Liebe Leserin, lieber Leser,

„Die ängstliche Republik“, so haben wir unseren Titel in dieser Ausgabe genannt. Ein knapper Zwischenruf zur Bürokratie und zu den Folgen. „Wie Deutschland sich lähmt“, dieser Untertitel kommt nicht von ungefähr. Und aufgrund dieser Lähmung hängt sich Deutschland im internationalen Wettbewerb inzwischen zunehmend ab. Noch sind wir die viertgrößte Volkswirtschaft. Aber wie lange noch?

Dieser drohende (und oft viel zu schwarz gemalte) Untergang – gerne wird in letzter Zeit auch von der „Deindustrialisierung“ der deutschen Wirtschaft gesprochen – macht vielen Menschen in Deutschland Angst. Und befeuert wird diese Angst noch vom rechten und linken Rand. Beziehungsweise mittlerweile auch direkt aus der Mitte. Wenn man der CDU/CSU stellenweise zuhört, droht wahrscheinlich bereits morgen der Untergang des Abendlandes. Falls die Grünen so weitermachen, diese schlimmen Menschen, die Böses im Schilde führen. Wir erleben in letzter Zeit eine Kakophonie der Schwarzmalerei. Man ist sich leider sehr einig: Deutschland geht den Bach runter. Wenn es so weitergeht wie bisher, versteht sich.

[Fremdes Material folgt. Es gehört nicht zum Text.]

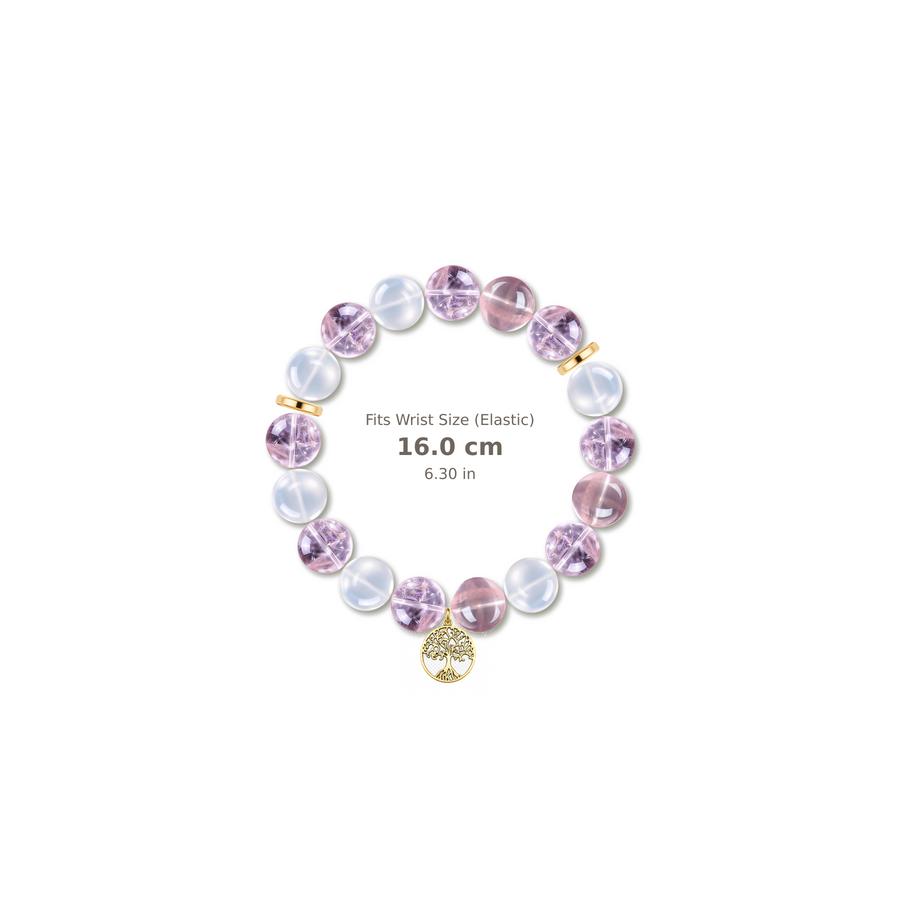 Brave Beginning Bracelet mixed crystal bracelet design — alternating beads with evenly spaced accents and reference-style soft shadow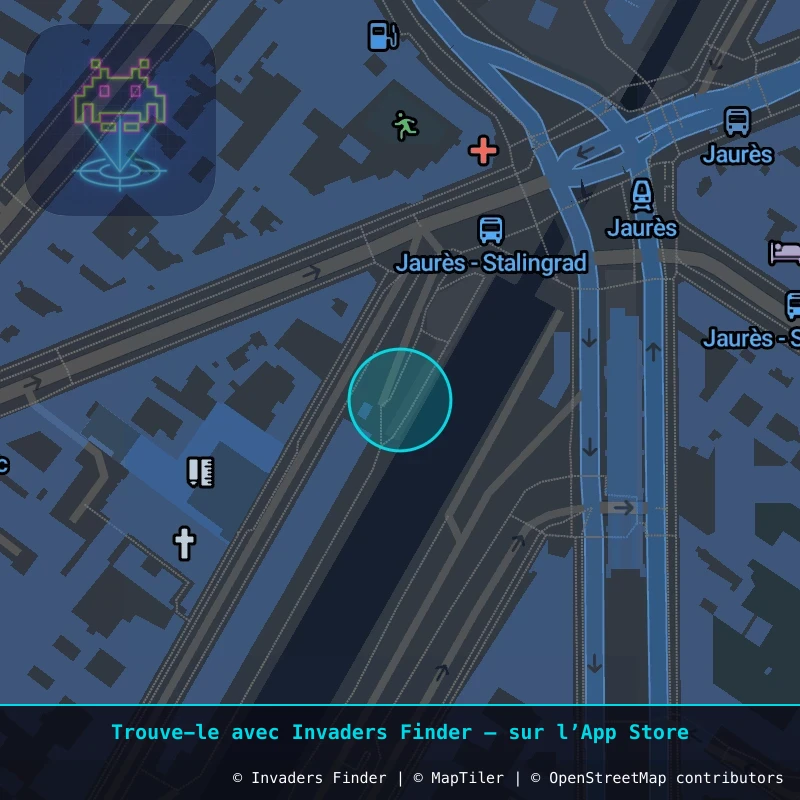 Zone approximative de l'invader PA_872, dans le quartier 10e arrondissement de Paris à Paris. Emplacement exact disponible dans l'app Invaders Finder.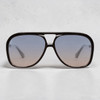 BANG - Gloss Black w. Matte Black Metal / Blue to Rose Gradient Lens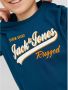 Jack & jones JUNIOR T-shirt JJELOGO van biologisch katoen blauw Jongens Katoen (biologisch) Ronde hals 164 - Thumbnail 4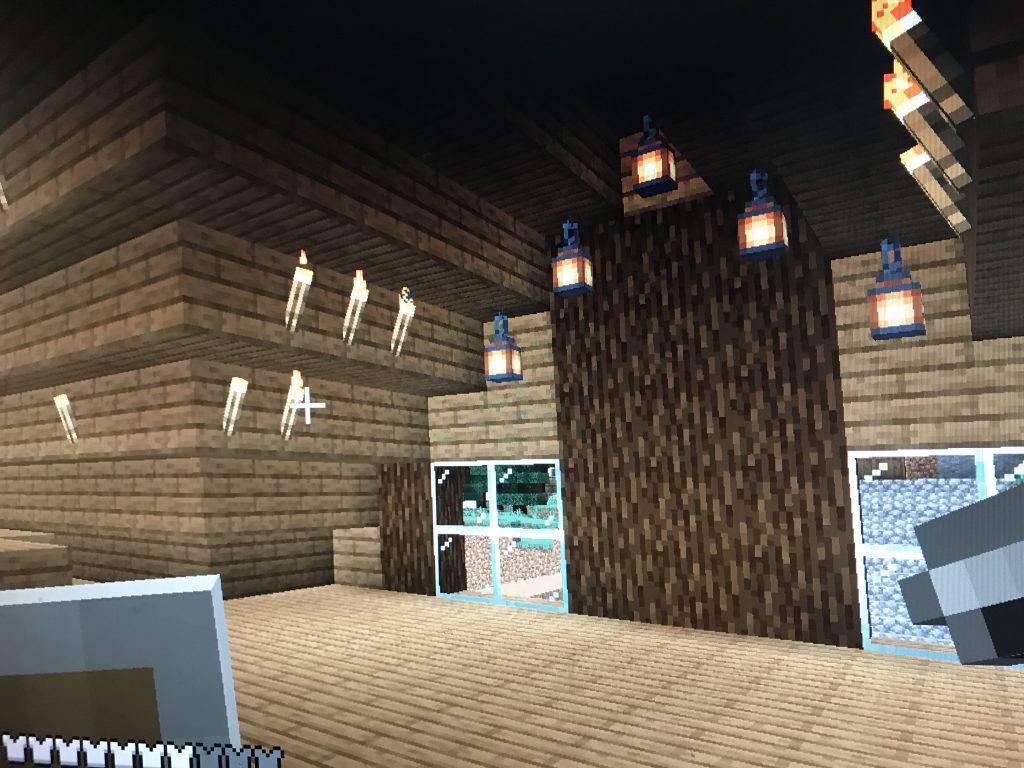Minecraft house upstairs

Und man macht große, populistische Versprechungen. Wenn man ein paar Schrauben fester zieht, ein paar Zäune höher baut, ein paar Faule an die Arbeit kriegt, ein bisschen pragmatischer bei den Menschenrechten ist, usw., dann gibt es noch Hoffnung. Was für ein unfassbarer Schwachsinn! Uns ist – davon bin ich überzeugt – überhaupt nicht damit geholfen, Neiddebatten anzuzetteln oder bestimmte Menschen herabzuwürdigen und zu diskriminieren, uns abzuschotten oder unsere Werte mal für eine Weile ein bisschen auszublenden, damit es mit dem Bruttoinlandsprodukt wieder besser klappt. Wir brauchen auch nicht noch mehr Ausländerfeindlichkeit, oder, um mal ein anderes Wort zu benutzen, Zuwanderungsskepsis. Wir brauchen Ausländerfreundlichkeit und Optimismus. Wir dürfen uns keine Angst mehr machen lassen, im Gegenteil, wir müssen uns endlich wieder darauf besinnen, welche Ressourcen Deutschland eigentlich hat. Wir sind innovativ und wir sind immer noch gut aufgestellt. Wir sind nicht ohne Grund die Nummer 4 in der Welt. Wir müssen jetzt mal wieder rauskommen aus unserem depressiven Loch und kämpfen. Um unsere Demokratie, unsere Freiheit und gerne auch um unseren Wohlstand.

Ich befürchte nur, dass das wahrscheinlich eher ein frommer Wunsch bleibt. Wir sind zu träge geworden und zu gleichgültig. Wir wünschen uns einfach nur die alte Sicherheit zurück. Die war doch eben noch da. Welche Knöpfe müssen denn jetzt gedrückt werden, damit sich die Zeit zurückdreht? Das scheint eine weit verbreitete Erwartungshaltung gegenüber der Politik zu sein. Wie wäre es, mal wieder selbst ein bisschen Verantwortung zu übernehmen? Um das zu ermöglichen, müsste allerdings die Politik weitaus mehr tun als im Moment. Sie müsste sich die Bürokratie mit Nachdruck vorknöpfen, auf allen Ebenen, in den Ländern, im Bund, in Europa, aber auch ganz lokal in den Städten und Gemeinden. Wir brauchen dringend mehr Beinfreiheit, ein System, in dem es sich lohnt, mutig zu sein. Klingt das jetzt nach FDP? Ich hoffe nicht. Ich wünsche mir ja in die Zukunft gewandte, progressive Bewegung. Bremsklotz zu sein, das überlasse ich doch lieber den Liberalen.